INSTRUCTIONS FOR THE TASK -
Would you write out the data below exactly, with every line intact?

Records from a collection
● ● ● ●

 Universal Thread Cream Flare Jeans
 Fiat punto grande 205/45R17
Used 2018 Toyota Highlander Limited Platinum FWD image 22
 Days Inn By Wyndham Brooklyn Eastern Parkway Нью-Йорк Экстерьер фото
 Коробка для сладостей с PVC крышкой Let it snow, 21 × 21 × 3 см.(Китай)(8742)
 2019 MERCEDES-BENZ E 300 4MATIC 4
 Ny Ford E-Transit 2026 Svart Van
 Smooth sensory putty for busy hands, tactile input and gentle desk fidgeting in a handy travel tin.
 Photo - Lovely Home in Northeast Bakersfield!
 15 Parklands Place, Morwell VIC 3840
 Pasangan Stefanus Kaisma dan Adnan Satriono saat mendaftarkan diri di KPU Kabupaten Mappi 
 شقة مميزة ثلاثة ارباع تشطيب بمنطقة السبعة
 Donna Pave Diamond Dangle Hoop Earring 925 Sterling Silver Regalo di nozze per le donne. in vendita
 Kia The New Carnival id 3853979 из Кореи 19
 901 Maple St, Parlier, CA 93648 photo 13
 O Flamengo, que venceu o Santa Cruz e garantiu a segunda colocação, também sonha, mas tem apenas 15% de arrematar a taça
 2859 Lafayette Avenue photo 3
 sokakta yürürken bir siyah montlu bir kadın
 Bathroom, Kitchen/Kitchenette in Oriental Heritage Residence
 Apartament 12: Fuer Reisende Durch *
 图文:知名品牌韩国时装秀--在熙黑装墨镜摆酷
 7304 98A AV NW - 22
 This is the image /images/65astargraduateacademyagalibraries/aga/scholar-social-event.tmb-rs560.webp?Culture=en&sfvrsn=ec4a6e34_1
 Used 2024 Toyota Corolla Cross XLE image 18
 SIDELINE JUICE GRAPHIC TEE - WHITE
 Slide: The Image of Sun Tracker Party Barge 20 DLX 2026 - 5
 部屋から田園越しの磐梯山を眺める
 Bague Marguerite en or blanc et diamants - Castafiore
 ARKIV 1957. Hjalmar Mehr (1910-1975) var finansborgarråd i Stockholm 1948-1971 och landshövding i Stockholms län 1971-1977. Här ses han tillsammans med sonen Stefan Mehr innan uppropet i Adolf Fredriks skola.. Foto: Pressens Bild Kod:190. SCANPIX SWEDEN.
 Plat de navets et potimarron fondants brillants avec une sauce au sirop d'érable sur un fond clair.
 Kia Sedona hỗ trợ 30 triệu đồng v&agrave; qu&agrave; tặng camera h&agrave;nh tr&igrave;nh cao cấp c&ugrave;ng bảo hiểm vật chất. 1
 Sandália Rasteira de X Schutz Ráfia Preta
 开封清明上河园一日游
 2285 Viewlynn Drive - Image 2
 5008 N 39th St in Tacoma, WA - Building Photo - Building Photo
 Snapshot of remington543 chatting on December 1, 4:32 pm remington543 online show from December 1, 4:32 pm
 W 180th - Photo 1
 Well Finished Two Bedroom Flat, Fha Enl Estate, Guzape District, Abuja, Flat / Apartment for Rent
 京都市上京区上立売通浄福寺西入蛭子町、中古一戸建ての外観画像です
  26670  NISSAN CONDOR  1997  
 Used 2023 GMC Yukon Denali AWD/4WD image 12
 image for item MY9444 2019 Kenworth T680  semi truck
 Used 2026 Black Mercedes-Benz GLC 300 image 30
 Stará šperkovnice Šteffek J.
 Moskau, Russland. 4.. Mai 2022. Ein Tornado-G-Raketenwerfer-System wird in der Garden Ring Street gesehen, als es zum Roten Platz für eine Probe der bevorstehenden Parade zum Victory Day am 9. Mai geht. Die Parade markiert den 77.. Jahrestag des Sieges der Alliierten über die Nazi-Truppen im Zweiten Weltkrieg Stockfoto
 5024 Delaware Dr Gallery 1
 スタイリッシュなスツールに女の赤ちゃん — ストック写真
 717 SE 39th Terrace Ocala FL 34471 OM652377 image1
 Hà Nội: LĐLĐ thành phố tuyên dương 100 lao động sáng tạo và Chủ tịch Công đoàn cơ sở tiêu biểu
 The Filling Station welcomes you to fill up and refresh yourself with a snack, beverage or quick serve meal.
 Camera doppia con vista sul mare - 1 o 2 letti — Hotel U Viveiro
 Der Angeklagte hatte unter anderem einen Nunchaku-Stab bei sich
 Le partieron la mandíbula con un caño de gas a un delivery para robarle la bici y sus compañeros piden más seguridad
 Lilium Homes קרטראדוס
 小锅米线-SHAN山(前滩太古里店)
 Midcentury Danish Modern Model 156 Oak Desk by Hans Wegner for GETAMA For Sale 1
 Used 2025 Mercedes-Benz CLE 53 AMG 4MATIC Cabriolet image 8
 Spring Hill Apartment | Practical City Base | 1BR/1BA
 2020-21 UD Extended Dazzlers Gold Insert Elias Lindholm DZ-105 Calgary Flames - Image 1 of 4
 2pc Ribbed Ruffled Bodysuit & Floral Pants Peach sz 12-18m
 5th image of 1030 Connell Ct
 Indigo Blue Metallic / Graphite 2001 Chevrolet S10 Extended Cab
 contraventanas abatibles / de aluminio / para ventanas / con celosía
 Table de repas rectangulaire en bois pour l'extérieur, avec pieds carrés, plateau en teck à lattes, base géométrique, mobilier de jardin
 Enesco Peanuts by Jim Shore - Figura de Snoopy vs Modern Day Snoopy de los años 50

● ● ● ●

RESPONSE BOX -
 Universal Thread Cream Flare Jeans
 Fiat punto grande 205/45R17
Used 2018 Toyota Highlander Limited Platinum FWD image 22
 Days Inn By Wyndham Brooklyn Eastern Parkway Нью-Йорк Экстерьер фото
 Коробка для сладостей с PVC крышкой Let it snow, 21 × 21 × 3 см.(Китай)(8742)
 2019 MERCEDES-BENZ E 300 4MATIC 4
 Ny Ford E-Transit 2026 Svart Van
 Smooth sensory putty for busy hands, tactile input and gentle desk fidgeting in a handy travel tin.
 Photo - Lovely Home in Northeast Bakersfield!
 15 Parklands Place, Morwell VIC 3840
 Pasangan Stefanus Kaisma dan Adnan Satriono saat mendaftarkan diri di KPU Kabupaten Mappi 
 شقة مميزة ثلاثة ارباع تشطيب بمنطقة السبعة
 Donna Pave Diamond Dangle Hoop Earring 925 Sterling Silver Regalo di nozze per le donne. in vendita
 Kia The New Carnival id 3853979 из Кореи 19
 901 Maple St, Parlier, CA 93648 photo 13
 O Flamengo, que venceu o Santa Cruz e garantiu a segunda colocação, também sonha, mas tem apenas 15% de arrematar a taça
 2859 Lafayette Avenue photo 3
 sokakta yürürken bir siyah montlu bir kadın
 Bathroom, Kitchen/Kitchenette in Oriental Heritage Residence
 Apartament 12: Fuer Reisende Durch *
 图文:知名品牌韩国时装秀--在熙黑装墨镜摆酷
 7304 98A AV NW - 22
 This is the image /images/65astargraduateacademyagalibraries/aga/scholar-social-event.tmb-rs560.webp?Culture=en&sfvrsn=ec4a6e34_1
 Used 2024 Toyota Corolla Cross XLE image 18
 SIDELINE JUICE GRAPHIC TEE - WHITE
 Slide: The Image of Sun Tracker Party Barge 20 DLX 2026 - 5
 部屋から田園越しの磐梯山を眺める
 Bague Marguerite en or blanc et diamants - Castafiore
 ARKIV 1957. Hjalmar Mehr (1910-1975) var finansborgarråd i Stockholm 1948-1971 och landshövding i Stockholms län 1971-1977. Här ses han tillsammans med sonen Stefan Mehr innan uppropet i Adolf Fredriks skola.. Foto: Pressens Bild Kod:190. SCANPIX SWEDEN.
 Plat de navets et potimarron fondants brillants avec une sauce au sirop d'érable sur un fond clair.
 Kia Sedona hỗ trợ 30 triệu đồng v&agrave; qu&agrave; tặng camera h&agrave;nh tr&igrave;nh cao cấp c&ugrave;ng bảo hiểm vật chất. 1
 Sandália Rasteira de X Schutz Ráfia Preta
 开封清明上河园一日游
 2285 Viewlynn Drive - Image 2
 5008 N 39th St in Tacoma, WA - Building Photo - Building Photo
 Snapshot of remington543 chatting on December 1, 4:32 pm remington543 online show from December 1, 4:32 pm
 W 180th - Photo 1
 Well Finished Two Bedroom Flat, Fha Enl Estate, Guzape District, Abuja, Flat / Apartment for Rent
 京都市上京区上立売通浄福寺西入蛭子町、中古一戸建ての外観画像です
  26670  NISSAN CONDOR  1997  
 Used 2023 GMC Yukon Denali AWD/4WD image 12
 image for item MY9444 2019 Kenworth T680  semi truck
 Used 2026 Black Mercedes-Benz GLC 300 image 30
 Stará šperkovnice Šteffek J.
 Moskau, Russland. 4.. Mai 2022. Ein Tornado-G-Raketenwerfer-System wird in der Garden Ring Street gesehen, als es zum Roten Platz für eine Probe der bevorstehenden Parade zum Victory Day am 9. Mai geht. Die Parade markiert den 77.. Jahrestag des Sieges der Alliierten über die Nazi-Truppen im Zweiten Weltkrieg Stockfoto
 5024 Delaware Dr Gallery 1
 スタイリッシュなスツールに女の赤ちゃん — ストック写真
 717 SE 39th Terrace Ocala FL 34471 OM652377 image1
 Hà Nội: LĐLĐ thành phố tuyên dương 100 lao động sáng tạo và Chủ tịch Công đoàn cơ sở tiêu biểu
 The Filling Station welcomes you to fill up and refresh yourself with a snack, beverage or quick serve meal.
 Camera doppia con vista sul mare - 1 o 2 letti — Hotel U Viveiro
 Der Angeklagte hatte unter anderem einen Nunchaku-Stab bei sich
 Le partieron la mandíbula con un caño de gas a un delivery para robarle la bici y sus compañeros piden más seguridad
 Lilium Homes קרטראדוס
 小锅米线-SHAN山(前滩太古里店)
 Midcentury Danish Modern Model 156 Oak Desk by Hans Wegner for GETAMA For Sale 1
 Used 2025 Mercedes-Benz CLE 53 AMG 4MATIC Cabriolet image 8
 Spring Hill Apartment | Practical City Base | 1BR/1BA
 2020-21 UD Extended Dazzlers Gold Insert Elias Lindholm DZ-105 Calgary Flames - Image 1 of 4
 2pc Ribbed Ruffled Bodysuit & Floral Pants Peach sz 12-18m
 5th image of 1030 Connell Ct
 Indigo Blue Metallic / Graphite 2001 Chevrolet S10 Extended Cab
 contraventanas abatibles / de aluminio / para ventanas / con celosía
 Table de repas rectangulaire en bois pour l'extérieur, avec pieds carrés, plateau en teck à lattes, base géométrique, mobilier de jardin
 Enesco Peanuts by Jim Shore - Figura de Snoopy vs Modern Day Snoopy de los años 50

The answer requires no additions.